Problem to work on:
Please print exactly the lines from the line containing "Stencilled Wall" through the end of the data, no more, and keep pictures out of the copy.

Information provided:
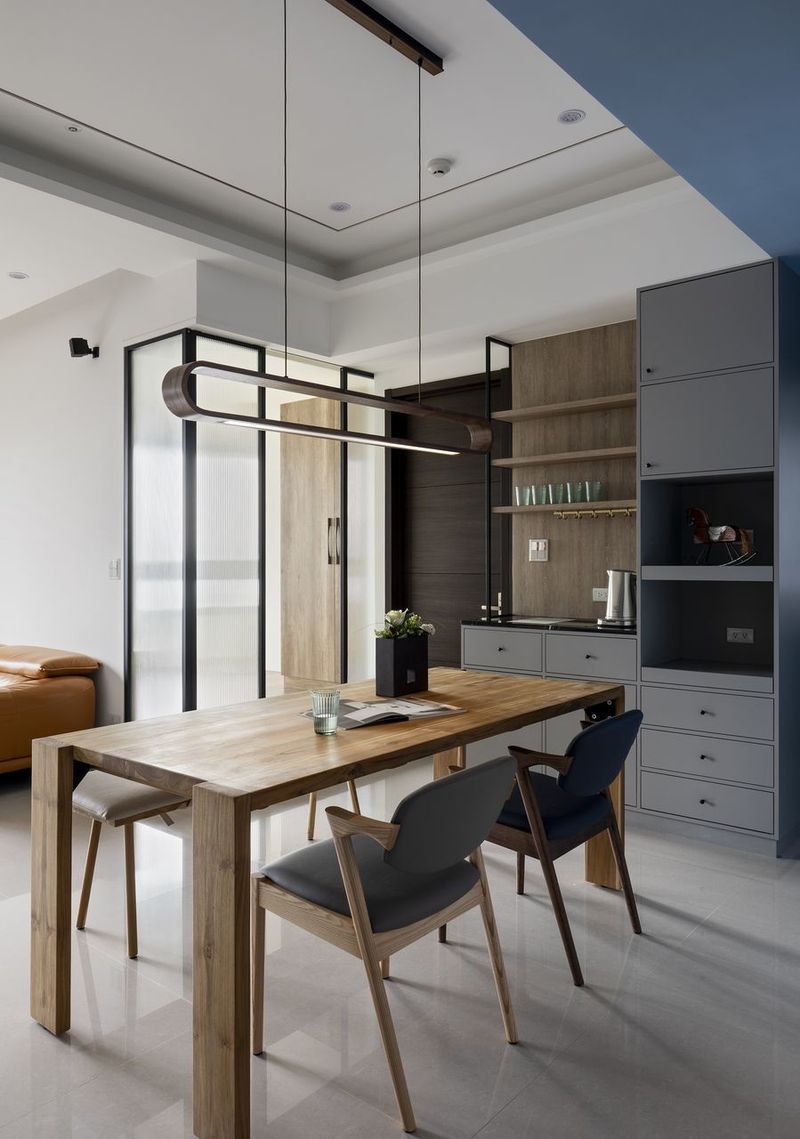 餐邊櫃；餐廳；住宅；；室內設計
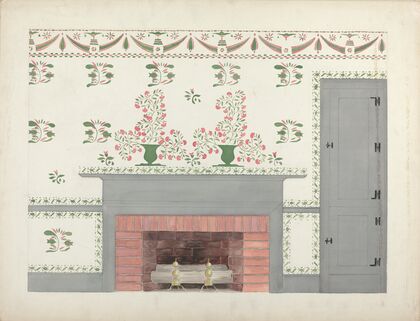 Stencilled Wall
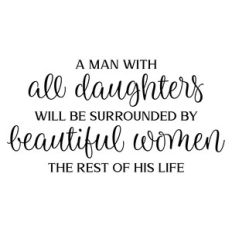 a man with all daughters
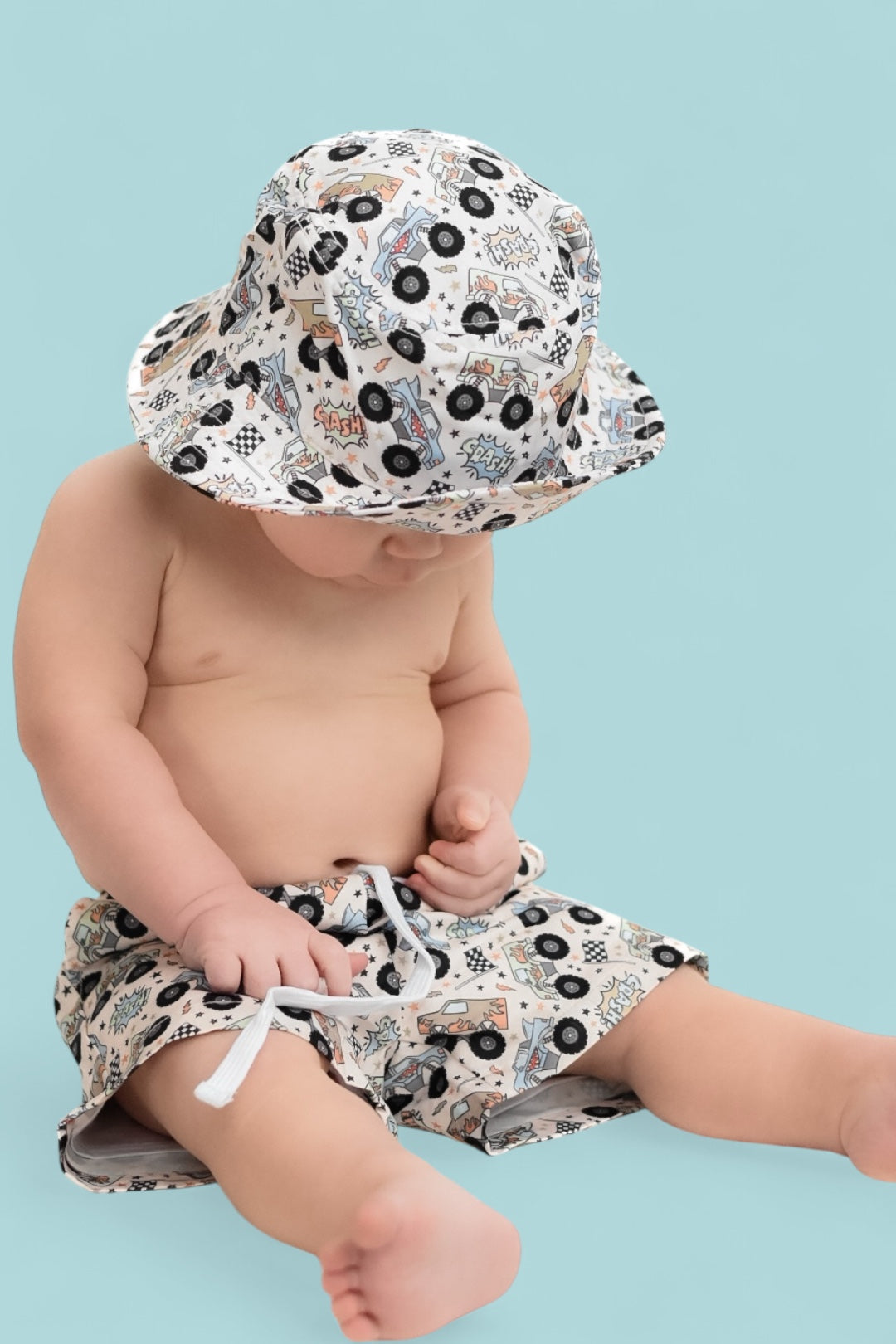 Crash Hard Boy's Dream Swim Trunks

Task output:
 Stencilled Wall
 a man with all daughters
 Crash Hard Boy's Dream Swim Trunks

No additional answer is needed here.